[Records provided Boundary: Start]
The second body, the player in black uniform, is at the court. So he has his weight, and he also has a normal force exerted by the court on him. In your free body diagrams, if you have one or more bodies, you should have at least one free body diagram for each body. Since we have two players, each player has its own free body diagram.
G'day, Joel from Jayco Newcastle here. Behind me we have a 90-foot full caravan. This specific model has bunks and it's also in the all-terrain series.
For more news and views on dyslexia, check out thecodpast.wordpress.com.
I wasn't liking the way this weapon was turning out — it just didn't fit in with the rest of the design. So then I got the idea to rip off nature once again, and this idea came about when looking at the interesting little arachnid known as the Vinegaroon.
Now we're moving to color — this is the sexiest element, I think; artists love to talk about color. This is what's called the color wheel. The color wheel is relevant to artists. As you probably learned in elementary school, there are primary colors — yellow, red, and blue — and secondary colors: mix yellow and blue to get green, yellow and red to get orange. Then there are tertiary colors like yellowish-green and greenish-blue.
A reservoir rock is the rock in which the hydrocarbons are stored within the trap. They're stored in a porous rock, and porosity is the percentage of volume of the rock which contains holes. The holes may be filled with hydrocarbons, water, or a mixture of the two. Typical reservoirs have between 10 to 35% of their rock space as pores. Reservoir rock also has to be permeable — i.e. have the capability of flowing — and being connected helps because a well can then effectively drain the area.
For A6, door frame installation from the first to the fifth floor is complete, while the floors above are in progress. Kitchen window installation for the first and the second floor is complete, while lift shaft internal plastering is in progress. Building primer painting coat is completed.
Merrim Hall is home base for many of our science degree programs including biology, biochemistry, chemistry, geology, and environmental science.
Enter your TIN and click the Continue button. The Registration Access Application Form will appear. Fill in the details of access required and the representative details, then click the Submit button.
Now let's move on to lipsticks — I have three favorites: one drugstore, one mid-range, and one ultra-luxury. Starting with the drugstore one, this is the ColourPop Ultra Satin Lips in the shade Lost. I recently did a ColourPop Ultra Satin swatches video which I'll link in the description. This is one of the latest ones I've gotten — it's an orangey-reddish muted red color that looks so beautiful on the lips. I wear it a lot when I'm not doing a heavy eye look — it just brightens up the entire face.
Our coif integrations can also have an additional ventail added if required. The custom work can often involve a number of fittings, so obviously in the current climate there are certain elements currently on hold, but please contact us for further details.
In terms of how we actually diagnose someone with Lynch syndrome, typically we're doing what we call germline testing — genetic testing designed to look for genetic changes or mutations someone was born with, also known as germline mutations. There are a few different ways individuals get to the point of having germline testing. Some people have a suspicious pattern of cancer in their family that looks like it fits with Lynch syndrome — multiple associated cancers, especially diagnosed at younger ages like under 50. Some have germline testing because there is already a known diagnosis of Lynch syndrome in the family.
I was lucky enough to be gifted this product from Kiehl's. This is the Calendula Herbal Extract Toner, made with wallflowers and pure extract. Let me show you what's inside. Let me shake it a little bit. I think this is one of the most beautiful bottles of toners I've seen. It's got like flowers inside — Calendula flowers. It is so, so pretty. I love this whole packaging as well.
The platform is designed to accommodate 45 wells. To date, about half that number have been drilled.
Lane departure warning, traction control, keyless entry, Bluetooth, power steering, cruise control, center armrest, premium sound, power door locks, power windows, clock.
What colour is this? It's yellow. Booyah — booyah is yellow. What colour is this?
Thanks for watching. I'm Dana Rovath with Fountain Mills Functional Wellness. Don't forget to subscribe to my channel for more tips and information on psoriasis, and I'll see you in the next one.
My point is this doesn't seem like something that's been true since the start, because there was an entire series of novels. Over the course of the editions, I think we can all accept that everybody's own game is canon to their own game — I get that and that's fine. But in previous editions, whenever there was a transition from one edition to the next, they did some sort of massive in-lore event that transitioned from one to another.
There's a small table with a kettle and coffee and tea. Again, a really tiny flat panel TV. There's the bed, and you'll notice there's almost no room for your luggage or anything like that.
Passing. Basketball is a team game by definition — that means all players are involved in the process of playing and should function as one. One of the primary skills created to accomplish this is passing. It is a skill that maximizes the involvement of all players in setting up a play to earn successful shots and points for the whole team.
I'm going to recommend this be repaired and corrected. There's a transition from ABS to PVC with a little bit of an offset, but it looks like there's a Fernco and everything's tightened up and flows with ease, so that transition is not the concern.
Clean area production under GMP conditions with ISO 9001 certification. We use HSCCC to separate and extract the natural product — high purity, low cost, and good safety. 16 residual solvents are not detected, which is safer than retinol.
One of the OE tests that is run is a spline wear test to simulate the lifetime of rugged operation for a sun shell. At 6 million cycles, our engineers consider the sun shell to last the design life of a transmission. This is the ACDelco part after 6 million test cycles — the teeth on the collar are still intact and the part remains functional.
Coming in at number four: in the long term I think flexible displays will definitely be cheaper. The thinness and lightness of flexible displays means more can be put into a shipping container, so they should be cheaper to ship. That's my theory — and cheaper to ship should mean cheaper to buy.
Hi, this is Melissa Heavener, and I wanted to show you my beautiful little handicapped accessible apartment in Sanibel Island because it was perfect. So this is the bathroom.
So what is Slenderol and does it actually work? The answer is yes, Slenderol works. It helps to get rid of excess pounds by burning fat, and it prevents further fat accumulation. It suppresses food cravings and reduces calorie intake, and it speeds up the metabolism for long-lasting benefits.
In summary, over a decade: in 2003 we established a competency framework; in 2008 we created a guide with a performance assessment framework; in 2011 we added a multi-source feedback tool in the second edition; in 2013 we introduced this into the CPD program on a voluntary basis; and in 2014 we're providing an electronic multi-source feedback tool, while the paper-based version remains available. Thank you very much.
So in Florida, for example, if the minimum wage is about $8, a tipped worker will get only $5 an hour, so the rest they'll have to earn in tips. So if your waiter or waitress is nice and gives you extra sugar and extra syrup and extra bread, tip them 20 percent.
[Records provided Boundary: End]
- _Your assignment_: Could you repeat every record word for word?

- _Result for this task_:
The second body, the player in black uniform, is at the court. So he has his weight, and he also has a normal force exerted by the court on him. In your free body diagrams, if you have one or more bodies, you should have at least one free body diagram for each body. Since we have two players, each player has its own free body diagram.
G'day, Joel from Jayco Newcastle here. Behind me we have a 90-foot full caravan. This specific model has bunks and it's also in the all-terrain series.
For more news and views on dyslexia, check out thecodpast.wordpress.com.
I wasn't liking the way this weapon was turning out — it just didn't fit in with the rest of the design. So then I got the idea to rip off nature once again, and this idea came about when looking at the interesting little arachnid known as the Vinegaroon.
Now we're moving to color — this is the sexiest element, I think; artists love to talk about color. This is what's called the color wheel. The color wheel is relevant to artists. As you probably learned in elementary school, there are primary colors — yellow, red, and blue — and secondary colors: mix yellow and blue to get green, yellow and red to get orange. Then there are tertiary colors like yellowish-green and greenish-blue.
A reservoir rock is the rock in which the hydrocarbons are stored within the trap. They're stored in a porous rock, and porosity is the percentage of volume of the rock which contains holes. The holes may be filled with hydrocarbons, water, or a mixture of the two. Typical reservoirs have between 10 to 35% of their rock space as pores. Reservoir rock also has to be permeable — i.e. have the capability of flowing — and being connected helps because a well can then effectively drain the area.
For A6, door frame installation from the first to the fifth floor is complete, while the floors above are in progress. Kitchen window installation for the first and the second floor is complete, while lift shaft internal plastering is in progress. Building primer painting coat is completed.
Merrim Hall is home base for many of our science degree programs including biology, biochemistry, chemistry, geology, and environmental science.
Enter your TIN and click the Continue button. The Registration Access Application Form will appear. Fill in the details of access required and the representative details, then click the Submit button.
Now let's move on to lipsticks — I have three favorites: one drugstore, one mid-range, and one ultra-luxury. Starting with the drugstore one, this is the ColourPop Ultra Satin Lips in the shade Lost. I recently did a ColourPop Ultra Satin swatches video which I'll link in the description. This is one of the latest ones I've gotten — it's an orangey-reddish muted red color that looks so beautiful on the lips. I wear it a lot when I'm not doing a heavy eye look — it just brightens up the entire face.
Our coif integrations can also have an additional ventail added if required. The custom work can often involve a number of fittings, so obviously in the current climate there are certain elements currently on hold, but please contact us for further details.
In terms of how we actually diagnose someone with Lynch syndrome, typically we're doing what we call germline testing — genetic testing designed to look for genetic changes or mutations someone was born with, also known as germline mutations. There are a few different ways individuals get to the point of having germline testing. Some people have a suspicious pattern of cancer in their family that looks like it fits with Lynch syndrome — multiple associated cancers, especially diagnosed at younger ages like under 50. Some have germline testing because there is already a known diagnosis of Lynch syndrome in the family.
I was lucky enough to be gifted this product from Kiehl's. This is the Calendula Herbal Extract Toner, made with wallflowers and pure extract. Let me show you what's inside. Let me shake it a little bit. I think this is one of the most beautiful bottles of toners I've seen. It's got like flowers inside — Calendula flowers. It is so, so pretty. I love this whole packaging as well.
The platform is designed to accommodate 45 wells. To date, about half that number have been drilled.
Lane departure warning, traction control, keyless entry, Bluetooth, power steering, cruise control, center armrest, premium sound, power door locks, power windows, clock.
What colour is this? It's yellow. Booyah — booyah is yellow. What colour is this?
Thanks for watching. I'm Dana Rovath with Fountain Mills Functional Wellness. Don't forget to subscribe to my channel for more tips and information on psoriasis, and I'll see you in the next one.
My point is this doesn't seem like something that's been true since the start, because there was an entire series of novels. Over the course of the editions, I think we can all accept that everybody's own game is canon to their own game — I get that and that's fine. But in previous editions, whenever there was a transition from one edition to the next, they did some sort of massive in-lore event that transitioned from one to another.
There's a small table with a kettle and coffee and tea. Again, a really tiny flat panel TV. There's the bed, and you'll notice there's almost no room for your luggage or anything like that.
Passing. Basketball is a team game by definition — that means all players are involved in the process of playing and should function as one. One of the primary skills created to accomplish this is passing. It is a skill that maximizes the involvement of all players in setting up a play to earn successful shots and points for the whole team.
I'm going to recommend this be repaired and corrected. There's a transition from ABS to PVC with a little bit of an offset, but it looks like there's a Fernco and everything's tightened up and flows with ease, so that transition is not the concern.
Clean area production under GMP conditions with ISO 9001 certification. We use HSCCC to separate and extract the natural product — high purity, low cost, and good safety. 16 residual solvents are not detected, which is safer than retinol.
One of the OE tests that is run is a spline wear test to simulate the lifetime of rugged operation for a sun shell. At 6 million cycles, our engineers consider the sun shell to last the design life of a transmission. This is the ACDelco part after 6 million test cycles — the teeth on the collar are still intact and the part remains functional.
Coming in at number four: in the long term I think flexible displays will definitely be cheaper. The thinness and lightness of flexible displays means more can be put into a shipping container, so they should be cheaper to ship. That's my theory — and cheaper to ship should mean cheaper to buy.
Hi, this is Melissa Heavener, and I wanted to show you my beautiful little handicapped accessible apartment in Sanibel Island because it was perfect. So this is the bathroom.
So what is Slenderol and does it actually work? The answer is yes, Slenderol works. It helps to get rid of excess pounds by burning fat, and it prevents further fat accumulation. It suppresses food cravings and reduces calorie intake, and it speeds up the metabolism for long-lasting benefits.
In summary, over a decade: in 2003 we established a competency framework; in 2008 we created a guide with a performance assessment framework; in 2011 we added a multi-source feedback tool in the second edition; in 2013 we introduced this into the CPD program on a voluntary basis; and in 2014 we're providing an electronic multi-source feedback tool, while the paper-based version remains available. Thank you very much.
So in Florida, for example, if the minimum wage is about $8, a tipped worker will get only $5 an hour, so the rest they'll have to earn in tips. So if your waiter or waitress is nice and gives you extra sugar and extra syrup and extra bread, tip them 20 percent.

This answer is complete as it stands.